■ Brief ■
What you give back should match the entries below character for character.

■ Data to examine ■
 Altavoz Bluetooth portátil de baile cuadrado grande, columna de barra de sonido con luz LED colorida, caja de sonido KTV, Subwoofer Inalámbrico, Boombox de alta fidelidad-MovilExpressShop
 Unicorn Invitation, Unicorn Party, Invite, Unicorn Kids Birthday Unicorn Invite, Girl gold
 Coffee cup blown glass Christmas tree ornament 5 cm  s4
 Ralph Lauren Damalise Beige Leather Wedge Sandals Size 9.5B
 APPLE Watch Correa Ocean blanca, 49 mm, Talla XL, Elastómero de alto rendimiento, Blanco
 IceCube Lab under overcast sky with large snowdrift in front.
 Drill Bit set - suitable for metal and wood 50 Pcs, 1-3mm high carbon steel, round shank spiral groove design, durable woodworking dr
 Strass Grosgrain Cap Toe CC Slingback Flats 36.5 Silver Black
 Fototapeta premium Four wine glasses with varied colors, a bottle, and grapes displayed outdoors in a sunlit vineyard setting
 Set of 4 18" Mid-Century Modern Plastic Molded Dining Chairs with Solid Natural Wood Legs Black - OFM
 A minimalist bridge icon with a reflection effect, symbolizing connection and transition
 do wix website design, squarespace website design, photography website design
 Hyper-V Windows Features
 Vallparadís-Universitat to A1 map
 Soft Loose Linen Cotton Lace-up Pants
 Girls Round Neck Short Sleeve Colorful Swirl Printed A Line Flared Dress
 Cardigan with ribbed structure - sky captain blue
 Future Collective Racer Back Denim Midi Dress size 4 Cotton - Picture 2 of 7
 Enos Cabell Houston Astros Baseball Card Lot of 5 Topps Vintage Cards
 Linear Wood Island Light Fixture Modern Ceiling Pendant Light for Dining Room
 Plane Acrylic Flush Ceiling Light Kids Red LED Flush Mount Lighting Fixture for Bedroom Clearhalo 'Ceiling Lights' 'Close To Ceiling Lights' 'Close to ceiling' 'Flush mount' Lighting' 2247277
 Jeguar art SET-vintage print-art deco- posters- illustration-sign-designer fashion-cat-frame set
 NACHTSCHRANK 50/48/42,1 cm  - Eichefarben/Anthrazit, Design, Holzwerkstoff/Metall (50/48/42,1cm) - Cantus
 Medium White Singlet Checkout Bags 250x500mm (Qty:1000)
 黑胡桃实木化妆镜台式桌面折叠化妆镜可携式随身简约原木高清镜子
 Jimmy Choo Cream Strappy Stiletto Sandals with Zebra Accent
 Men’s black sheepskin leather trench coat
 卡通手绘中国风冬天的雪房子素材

■ Problem solution ■
 Altavoz Bluetooth portátil de baile cuadrado grande, columna de barra de sonido con luz LED colorida, caja de sonido KTV, Subwoofer Inalámbrico, Boombox de alta fidelidad-MovilExpressShop
 Unicorn Invitation, Unicorn Party, Invite, Unicorn Kids Birthday Unicorn Invite, Girl gold
 Coffee cup blown glass Christmas tree ornament 5 cm  s4
 Ralph Lauren Damalise Beige Leather Wedge Sandals Size 9.5B
 APPLE Watch Correa Ocean blanca, 49 mm, Talla XL, Elastómero de alto rendimiento, Blanco
 IceCube Lab under overcast sky with large snowdrift in front.
 Drill Bit set - suitable for metal and wood 50 Pcs, 1-3mm high carbon steel, round shank spiral groove design, durable woodworking dr
 Strass Grosgrain Cap Toe CC Slingback Flats 36.5 Silver Black
 Fototapeta premium Four wine glasses with varied colors, a bottle, and grapes displayed outdoors in a sunlit vineyard setting
 Set of 4 18" Mid-Century Modern Plastic Molded Dining Chairs with Solid Natural Wood Legs Black - OFM
 A minimalist bridge icon with a reflection effect, symbolizing connection and transition
 do wix website design, squarespace website design, photography website design
 Hyper-V Windows Features
 Vallparadís-Universitat to A1 map
 Soft Loose Linen Cotton Lace-up Pants
 Girls Round Neck Short Sleeve Colorful Swirl Printed A Line Flared Dress
 Cardigan with ribbed structure - sky captain blue
 Future Collective Racer Back Denim Midi Dress size 4 Cotton - Picture 2 of 7
 Enos Cabell Houston Astros Baseball Card Lot of 5 Topps Vintage Cards
 Linear Wood Island Light Fixture Modern Ceiling Pendant Light for Dining Room
 Plane Acrylic Flush Ceiling Light Kids Red LED Flush Mount Lighting Fixture for Bedroom Clearhalo 'Ceiling Lights' 'Close To Ceiling Lights' 'Close to ceiling' 'Flush mount' Lighting' 2247277
 Jeguar art SET-vintage print-art deco- posters- illustration-sign-designer fashion-cat-frame set
 NACHTSCHRANK 50/48/42,1 cm  - Eichefarben/Anthrazit, Design, Holzwerkstoff/Metall (50/48/42,1cm) - Cantus
 Medium White Singlet Checkout Bags 250x500mm (Qty:1000)
 黑胡桃实木化妆镜台式桌面折叠化妆镜可携式随身简约原木高清镜子
 Jimmy Choo Cream Strappy Stiletto Sandals with Zebra Accent
 Men’s black sheepskin leather trench coat
 卡通手绘中国风冬天的雪房子素材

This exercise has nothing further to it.